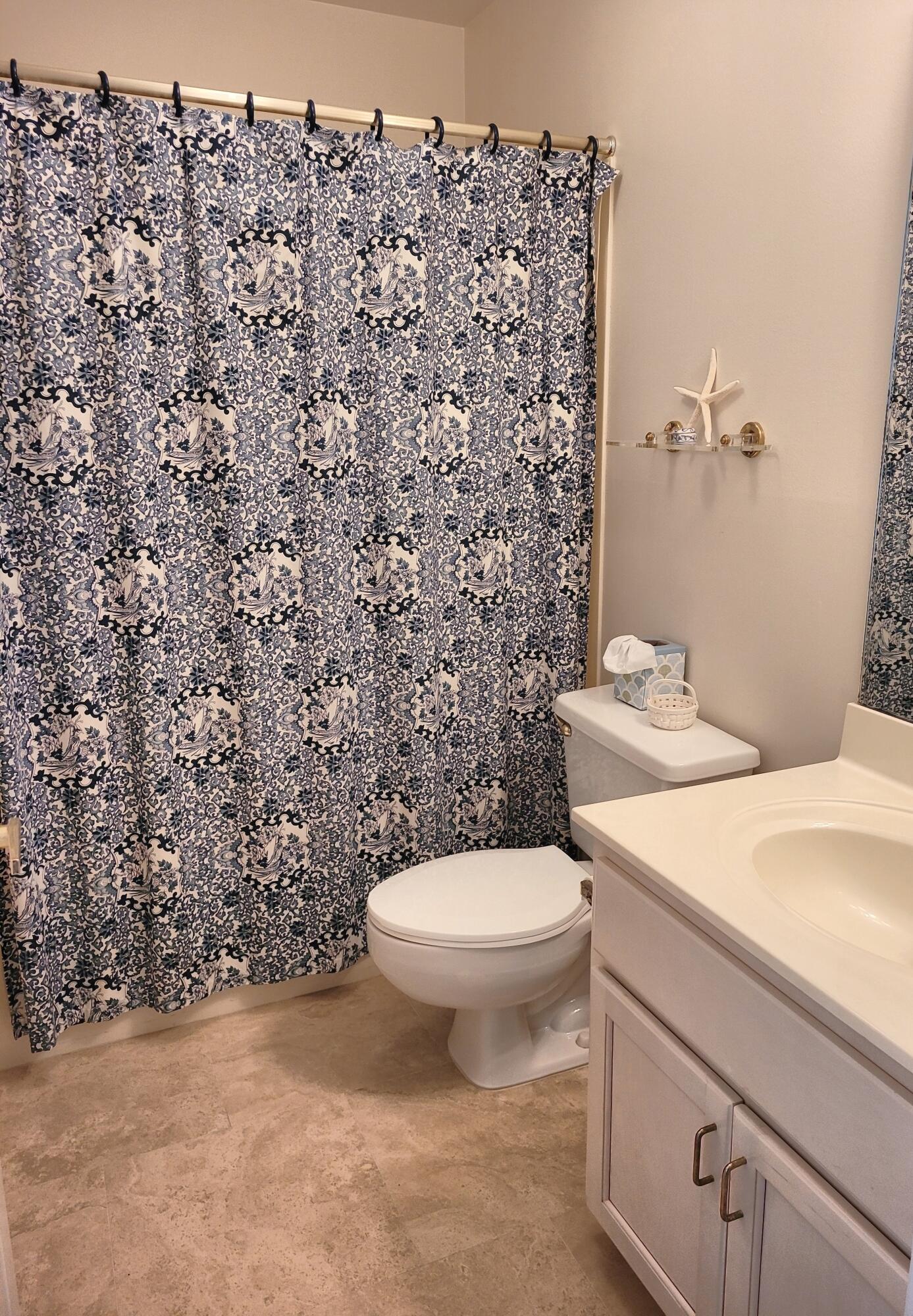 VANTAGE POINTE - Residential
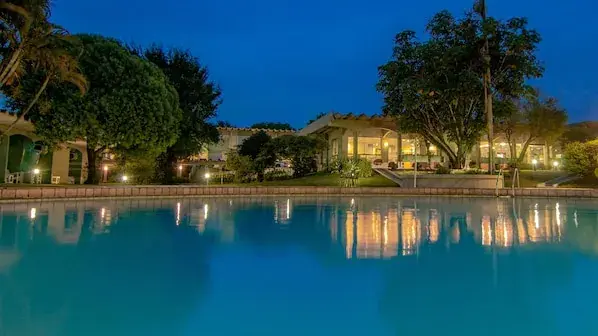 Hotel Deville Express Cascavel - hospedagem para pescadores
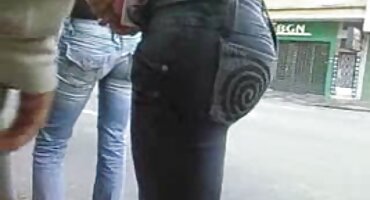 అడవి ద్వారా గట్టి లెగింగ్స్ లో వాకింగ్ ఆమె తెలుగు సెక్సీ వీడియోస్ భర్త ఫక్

# [Activity]
In your copy, the listing above should appear word for word, with no images.

# [Finished task]
 VANTAGE POINTE - Residential
 Hotel Deville Express Cascavel - hospedagem para pescadores
 అడవి ద్వారా గట్టి లెగింగ్స్ లో వాకింగ్ ఆమె తెలుగు సెక్సీ వీడియోస్ భర్త ఫక్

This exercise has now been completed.